* WHAT THIS TASK INVOLVES *
Every entry must be echoed exactly.

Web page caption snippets
————

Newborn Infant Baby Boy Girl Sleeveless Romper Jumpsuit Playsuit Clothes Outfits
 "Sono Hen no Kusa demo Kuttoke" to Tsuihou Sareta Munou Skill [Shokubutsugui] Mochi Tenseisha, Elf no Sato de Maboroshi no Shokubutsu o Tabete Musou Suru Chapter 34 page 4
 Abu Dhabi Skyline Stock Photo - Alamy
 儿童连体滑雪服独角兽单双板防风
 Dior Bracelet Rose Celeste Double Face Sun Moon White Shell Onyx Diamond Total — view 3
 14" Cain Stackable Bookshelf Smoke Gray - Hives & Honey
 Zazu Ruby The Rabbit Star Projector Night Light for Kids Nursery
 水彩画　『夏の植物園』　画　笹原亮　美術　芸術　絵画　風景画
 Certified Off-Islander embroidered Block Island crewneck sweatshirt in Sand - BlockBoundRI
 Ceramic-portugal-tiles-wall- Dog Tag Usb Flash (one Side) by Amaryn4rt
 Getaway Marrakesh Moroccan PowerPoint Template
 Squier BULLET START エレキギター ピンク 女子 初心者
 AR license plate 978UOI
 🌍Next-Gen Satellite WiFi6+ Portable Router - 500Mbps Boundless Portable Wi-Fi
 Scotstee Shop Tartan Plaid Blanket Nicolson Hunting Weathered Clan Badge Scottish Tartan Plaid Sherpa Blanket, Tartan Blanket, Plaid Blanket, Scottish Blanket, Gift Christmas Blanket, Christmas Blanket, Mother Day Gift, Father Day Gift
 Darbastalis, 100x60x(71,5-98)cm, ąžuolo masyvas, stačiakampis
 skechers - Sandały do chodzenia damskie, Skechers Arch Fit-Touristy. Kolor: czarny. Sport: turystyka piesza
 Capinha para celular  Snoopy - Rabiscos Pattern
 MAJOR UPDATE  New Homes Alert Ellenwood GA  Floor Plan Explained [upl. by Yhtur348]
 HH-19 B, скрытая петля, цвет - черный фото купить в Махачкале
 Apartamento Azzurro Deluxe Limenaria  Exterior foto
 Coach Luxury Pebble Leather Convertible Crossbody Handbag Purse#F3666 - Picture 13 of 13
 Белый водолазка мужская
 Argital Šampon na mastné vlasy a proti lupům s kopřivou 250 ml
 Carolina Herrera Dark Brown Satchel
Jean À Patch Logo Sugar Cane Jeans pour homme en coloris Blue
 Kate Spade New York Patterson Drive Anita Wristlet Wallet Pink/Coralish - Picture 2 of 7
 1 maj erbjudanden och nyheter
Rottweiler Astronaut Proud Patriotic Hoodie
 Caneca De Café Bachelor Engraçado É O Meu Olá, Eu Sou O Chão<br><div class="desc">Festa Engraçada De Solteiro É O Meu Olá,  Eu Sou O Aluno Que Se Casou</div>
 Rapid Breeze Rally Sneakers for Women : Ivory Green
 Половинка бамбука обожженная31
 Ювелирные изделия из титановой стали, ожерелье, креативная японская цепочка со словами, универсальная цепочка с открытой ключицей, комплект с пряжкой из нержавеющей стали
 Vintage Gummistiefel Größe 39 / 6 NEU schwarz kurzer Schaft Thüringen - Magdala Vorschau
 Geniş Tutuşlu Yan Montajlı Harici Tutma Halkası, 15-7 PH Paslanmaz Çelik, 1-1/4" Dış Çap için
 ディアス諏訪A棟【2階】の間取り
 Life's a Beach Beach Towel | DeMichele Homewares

————

* RESPONSE TO THE EXERCISE *
Newborn Infant Baby Boy Girl Sleeveless Romper Jumpsuit Playsuit Clothes Outfits
 "Sono Hen no Kusa demo Kuttoke" to Tsuihou Sareta Munou Skill [Shokubutsugui] Mochi Tenseisha, Elf no Sato de Maboroshi no Shokubutsu o Tabete Musou Suru Chapter 34 page 4
 Abu Dhabi Skyline Stock Photo - Alamy
 儿童连体滑雪服独角兽单双板防风
 Dior Bracelet Rose Celeste Double Face Sun Moon White Shell Onyx Diamond Total — view 3
 14" Cain Stackable Bookshelf Smoke Gray - Hives & Honey
 Zazu Ruby The Rabbit Star Projector Night Light for Kids Nursery
 水彩画　『夏の植物園』　画　笹原亮　美術　芸術　絵画　風景画
 Certified Off-Islander embroidered Block Island crewneck sweatshirt in Sand - BlockBoundRI
 Ceramic-portugal-tiles-wall- Dog Tag Usb Flash (one Side) by Amaryn4rt
 Getaway Marrakesh Moroccan PowerPoint Template
 Squier BULLET START エレキギター ピンク 女子 初心者
 AR license plate 978UOI
 🌍Next-Gen Satellite WiFi6+ Portable Router - 500Mbps Boundless Portable Wi-Fi
 Scotstee Shop Tartan Plaid Blanket Nicolson Hunting Weathered Clan Badge Scottish Tartan Plaid Sherpa Blanket, Tartan Blanket, Plaid Blanket, Scottish Blanket, Gift Christmas Blanket, Christmas Blanket, Mother Day Gift, Father Day Gift
 Darbastalis, 100x60x(71,5-98)cm, ąžuolo masyvas, stačiakampis
 skechers - Sandały do chodzenia damskie, Skechers Arch Fit-Touristy. Kolor: czarny. Sport: turystyka piesza
 Capinha para celular  Snoopy - Rabiscos Pattern
 MAJOR UPDATE  New Homes Alert Ellenwood GA  Floor Plan Explained [upl. by Yhtur348]
 HH-19 B, скрытая петля, цвет - черный фото купить в Махачкале
 Apartamento Azzurro Deluxe Limenaria  Exterior foto
 Coach Luxury Pebble Leather Convertible Crossbody Handbag Purse#F3666 - Picture 13 of 13
 Белый водолазка мужская
 Argital Šampon na mastné vlasy a proti lupům s kopřivou 250 ml
 Carolina Herrera Dark Brown Satchel
Jean À Patch Logo Sugar Cane Jeans pour homme en coloris Blue
 Kate Spade New York Patterson Drive Anita Wristlet Wallet Pink/Coralish - Picture 2 of 7
 1 maj erbjudanden och nyheter
Rottweiler Astronaut Proud Patriotic Hoodie
 Caneca De Café Bachelor Engraçado É O Meu Olá, Eu Sou O Chão<br><div class="desc">Festa Engraçada De Solteiro É O Meu Olá,  Eu Sou O Aluno Que Se Casou</div>
 Rapid Breeze Rally Sneakers for Women : Ivory Green
 Половинка бамбука обожженная31
 Ювелирные изделия из титановой стали, ожерелье, креативная японская цепочка со словами, универсальная цепочка с открытой ключицей, комплект с пряжкой из нержавеющей стали
 Vintage Gummistiefel Größe 39 / 6 NEU schwarz kurzer Schaft Thüringen - Magdala Vorschau
 Geniş Tutuşlu Yan Montajlı Harici Tutma Halkası, 15-7 PH Paslanmaz Çelik, 1-1/4" Dış Çap için
 ディアス諏訪A棟【2階】の間取り
 Life's a Beach Beach Towel | DeMichele Homewares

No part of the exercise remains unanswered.